Research Article Open Access
Value of Low-Dose Computed Tomography for Examination after Extracorporeal Shock Wave Lithotripsy for Urolithiasis
Takashi Hatano1*, Kentaro Chikaraishi1, Hiroyuki Inaba1, Katsuhisa Endo1, Mayumi Tamari2and Shin Egawa3
1 Department of Urology, JR Tokyo General Hospital, Tokyo, Japan
2 Research Center for Medical Science Core Research Facilities for Basic Science, Jikei University School of Medicine, Tokyo, Japan
3 Department of Urology, Jikei University School of Medicine, Tokyo, Japan
*Corresponding author: Takashi Hatano, M.D., Ph.D. Department of Urology, JR Tokyo General Hospital, 2-1-3 Yoyogi Shibuya-ku, Tokyo, 151-8528, Japan, Tel: +81-3-3320-2200; Fax: +81-3-3370-8501; E-mail: @
Received: January 3, 2017; Accepted: April 4, 2017; Published: April 15, 2017
Citation: Hatano.T, et.al. (2017) Value of Low-Dose Computed Tomography for Examination after Extracorporeal Shock Wave Lithotripsy for Urolithiasis. J Urol Nephrol Open Access 3(1):1-5.
Abstract
Objectives: To evaluate the usefulness of low-dose computed tomography after Extracorporeal Shock Wave Lithotripsy (ESWL) for urolithiasis.
Methods: We investigated 103 subjects with urolithiasis who were treated with ESWL. In each case, preoperative plain abdominal films of the Kidney, Ureter and Bladder (KUB) and Standard Computed Tomography (SDCT) and postoperative KUB and Low-Dose Computed Tomography (LDCT) were performed. We compared the Dose Length Product (DLP) and Effective Dose (ED) of SDCT and LDCT. We evaluated any residual calculus by performing postoperative KUB and LDCT, calculating their respective rates of complete fracture, and comparing the performance of both examinations.

Results: The mean DLP and ED were 409 mGy and 6.1 mSv with SDCT, and 103 mGy and 1.5 mSv with LDCT; the dose reduction rate was nearly 75% in both DLP and ED (P < 0.001). The mean ED of KUB was 1.3 mSv, which was similar in dose to LDCT. The accuracy of LDCT was 100%, with no false positives or false negatives.

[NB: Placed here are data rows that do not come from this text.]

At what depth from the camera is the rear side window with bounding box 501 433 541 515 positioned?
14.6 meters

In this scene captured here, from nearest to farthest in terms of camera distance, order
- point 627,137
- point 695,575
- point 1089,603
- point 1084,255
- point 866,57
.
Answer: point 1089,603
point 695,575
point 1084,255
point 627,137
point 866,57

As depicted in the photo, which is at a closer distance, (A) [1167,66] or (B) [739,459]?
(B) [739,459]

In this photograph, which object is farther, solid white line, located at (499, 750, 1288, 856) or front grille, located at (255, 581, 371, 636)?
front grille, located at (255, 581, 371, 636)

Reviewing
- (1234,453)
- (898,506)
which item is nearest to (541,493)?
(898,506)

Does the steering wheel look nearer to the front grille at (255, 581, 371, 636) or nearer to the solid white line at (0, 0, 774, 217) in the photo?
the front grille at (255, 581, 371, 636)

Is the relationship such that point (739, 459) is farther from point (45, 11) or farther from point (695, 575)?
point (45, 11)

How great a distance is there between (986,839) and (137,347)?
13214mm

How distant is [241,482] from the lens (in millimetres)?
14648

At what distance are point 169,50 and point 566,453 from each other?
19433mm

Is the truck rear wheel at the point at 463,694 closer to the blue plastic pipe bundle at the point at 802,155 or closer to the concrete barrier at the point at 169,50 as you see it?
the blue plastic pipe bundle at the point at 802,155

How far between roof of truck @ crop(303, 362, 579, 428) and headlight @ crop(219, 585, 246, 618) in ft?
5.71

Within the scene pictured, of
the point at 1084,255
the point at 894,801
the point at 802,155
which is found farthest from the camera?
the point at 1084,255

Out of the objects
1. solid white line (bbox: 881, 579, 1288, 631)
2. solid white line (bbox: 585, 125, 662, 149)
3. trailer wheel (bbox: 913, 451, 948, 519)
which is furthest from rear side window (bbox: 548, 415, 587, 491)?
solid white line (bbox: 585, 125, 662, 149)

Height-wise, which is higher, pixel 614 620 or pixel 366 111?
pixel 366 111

On the other hand, the positive predictive rate of KUB was 90.4%, whereas the negative predictive rate was 75.6%, and the accuracy was 78.6% (P < 0.001).

Conclusion: The exposure dose of LDCT was reduced by 75% compared with that of SDCT. Our findings suggest that LDCT is likely to be a useful method to assess urinary calculi following ESWL.

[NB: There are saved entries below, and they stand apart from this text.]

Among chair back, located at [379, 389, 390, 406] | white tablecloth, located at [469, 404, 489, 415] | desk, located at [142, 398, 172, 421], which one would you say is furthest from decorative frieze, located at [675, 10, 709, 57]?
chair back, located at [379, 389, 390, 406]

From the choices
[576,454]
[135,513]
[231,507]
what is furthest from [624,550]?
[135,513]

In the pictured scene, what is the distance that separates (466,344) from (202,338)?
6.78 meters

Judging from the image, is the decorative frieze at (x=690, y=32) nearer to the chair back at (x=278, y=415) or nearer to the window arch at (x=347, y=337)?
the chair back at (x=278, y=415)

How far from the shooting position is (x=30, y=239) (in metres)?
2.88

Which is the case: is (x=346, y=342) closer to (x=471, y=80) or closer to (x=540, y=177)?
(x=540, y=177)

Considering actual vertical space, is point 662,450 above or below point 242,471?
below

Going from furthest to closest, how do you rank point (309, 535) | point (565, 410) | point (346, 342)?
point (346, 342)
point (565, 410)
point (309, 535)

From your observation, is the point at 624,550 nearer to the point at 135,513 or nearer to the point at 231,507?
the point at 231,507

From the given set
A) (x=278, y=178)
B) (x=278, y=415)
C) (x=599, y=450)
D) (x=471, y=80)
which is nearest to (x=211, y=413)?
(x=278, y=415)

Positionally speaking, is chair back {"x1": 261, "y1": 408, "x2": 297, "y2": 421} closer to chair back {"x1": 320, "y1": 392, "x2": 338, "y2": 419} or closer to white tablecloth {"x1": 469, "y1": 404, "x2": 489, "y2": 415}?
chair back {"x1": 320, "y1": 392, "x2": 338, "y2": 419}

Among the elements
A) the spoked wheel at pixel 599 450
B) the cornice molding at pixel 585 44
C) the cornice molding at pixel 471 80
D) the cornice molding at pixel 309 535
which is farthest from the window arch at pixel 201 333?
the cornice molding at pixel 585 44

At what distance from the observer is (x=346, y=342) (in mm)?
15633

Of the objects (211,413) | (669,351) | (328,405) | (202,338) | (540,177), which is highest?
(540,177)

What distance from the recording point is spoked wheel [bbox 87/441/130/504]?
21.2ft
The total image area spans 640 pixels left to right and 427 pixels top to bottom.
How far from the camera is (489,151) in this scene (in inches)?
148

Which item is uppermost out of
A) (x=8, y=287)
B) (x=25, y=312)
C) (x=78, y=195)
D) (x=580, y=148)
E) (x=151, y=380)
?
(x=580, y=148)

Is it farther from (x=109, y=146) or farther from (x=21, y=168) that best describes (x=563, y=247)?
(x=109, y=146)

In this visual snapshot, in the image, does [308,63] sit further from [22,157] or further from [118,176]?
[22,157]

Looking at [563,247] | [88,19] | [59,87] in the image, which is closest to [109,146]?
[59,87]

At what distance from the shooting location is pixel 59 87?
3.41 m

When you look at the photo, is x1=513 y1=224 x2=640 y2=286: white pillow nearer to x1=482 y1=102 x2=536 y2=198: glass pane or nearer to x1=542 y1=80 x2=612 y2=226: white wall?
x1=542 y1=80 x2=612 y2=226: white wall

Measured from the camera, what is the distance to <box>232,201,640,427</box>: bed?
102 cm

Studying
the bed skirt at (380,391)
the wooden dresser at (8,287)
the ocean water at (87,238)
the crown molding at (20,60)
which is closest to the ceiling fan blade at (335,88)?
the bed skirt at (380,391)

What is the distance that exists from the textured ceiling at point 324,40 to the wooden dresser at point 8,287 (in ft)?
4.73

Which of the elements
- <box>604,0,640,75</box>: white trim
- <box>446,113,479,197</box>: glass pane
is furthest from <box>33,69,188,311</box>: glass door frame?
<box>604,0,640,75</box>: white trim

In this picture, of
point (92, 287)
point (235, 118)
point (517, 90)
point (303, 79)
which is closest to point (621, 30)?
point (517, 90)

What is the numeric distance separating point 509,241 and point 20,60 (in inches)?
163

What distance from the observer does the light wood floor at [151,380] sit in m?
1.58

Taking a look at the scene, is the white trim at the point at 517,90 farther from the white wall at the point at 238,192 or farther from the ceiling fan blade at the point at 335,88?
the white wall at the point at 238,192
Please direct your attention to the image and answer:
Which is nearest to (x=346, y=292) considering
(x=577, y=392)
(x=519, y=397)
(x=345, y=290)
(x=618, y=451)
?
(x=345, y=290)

Key words: Dose Length Product; Effective Dose; Extracorporeal Shock Wave Lithotripsy; Low-Dose Computed Tomography; Urolithiasis
Abbreviations and Acronyms
BMI = Body Mass Index; CT = Computed Tomography; Ctdivol = Volume Computed Tomography Dose Index; DLP = Dose Length Product; ED = Effective Dose; ESWL = Extracorporeal Shock Wave Lithotripsy; KUB = Plain Abdominal Films of the Kidney, Ureter and Bladder; LDCT = Low-Dose Computed Tomography; NI = Noise Index; SDCT = Standard Computed Tomography; US = Ultrasound
Introduction
After ESWL for urolithiasis, KUB, US and CT are widely used for the evaluation of residual calculi [1]. KUB is a conventional imaging technique, but several conditions, such as bowel gas and overlapping of fragments and pelvic bones, often decrease the sensitivity [2]. In addition, KUB cannot evaluate the degree of hydronephrosis. US is effective for assessment of nephrolithiasis and hydronephrosis [3]. However, it is not appropriate for evaluation of the localization or size of ureteral lithiasis. In addition, the diagnostic accuracy of US images is remarkably reduced in obese patients. CT is a well-established technique for the study of the improvement of hydronephrosis and small calculi, but it cannot be performed frequently because of the high doses of radiation exposure [4,5].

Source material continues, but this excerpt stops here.